Enrique Vila-Matas (in Montevideo)
& Joyce Carol Oates (in Maudits)
& Paul Lynch (in Le chant du prophète)

lundi 3 mars 2025

Rhizomiques #204 (réalités)

    Qu’est-ce que la réalité ? pour vous ?
    Ce n’est pas un nom. Ce n’est pas une chose ni un objet. Elle n’est pas objective.
    J’admets que notre expérience de la réalité n’est pas objective. Mon expérience du désert sera différente de la vôtre. Mais le désert est vraiment là.
    Bouddha ne serait pas d’accord avec vous, dit Victor. Bouddha dirait que vous êtes un esclave des apparences, que vous confondez la réalité avec l’apparence.
    Alors qu’est-ce que la réalité ?
    Les plus grands esprits se posent cette question depuis toujours.
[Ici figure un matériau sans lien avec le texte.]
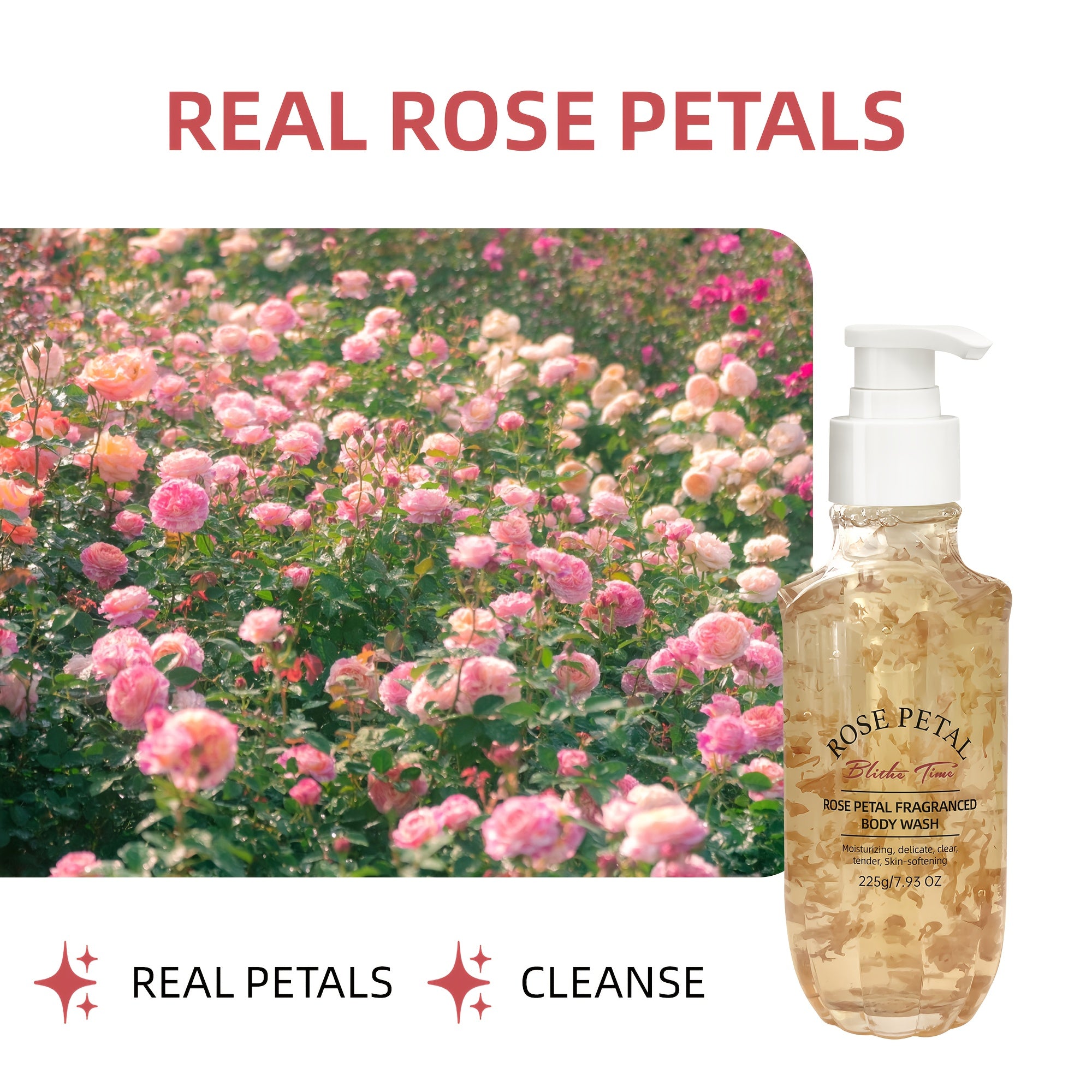 Blithe Time 3pcs Petal Scented Shower Gel & Oil Set - Hypoallergenic Each Total) | Rose, Kiwi Fruit & Jasmine Fragrances | Moisturizing Bath & Shower Collection for Sensitive Light Beige | Luxury Spa Experience, Unisex for Me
Je ne sais pas y répondre. Ce que je peux dire, c’est que si la conscience semble être une propriété émergente du cerveau – impossible de la situer biologiquement –, elle nous échappe tout autant que le siège de l’âme, mais nous nous accordons pour dire que la conscience existe, et nous nous accordons pour dire qu’aujourd’hui, l’intelligence des machines n’est pas consciente. Alors peut-être que la réalité est aussi une propriété émergente – elle existe, mais ce n’est pas ce fait substantiel auquel nous pensons.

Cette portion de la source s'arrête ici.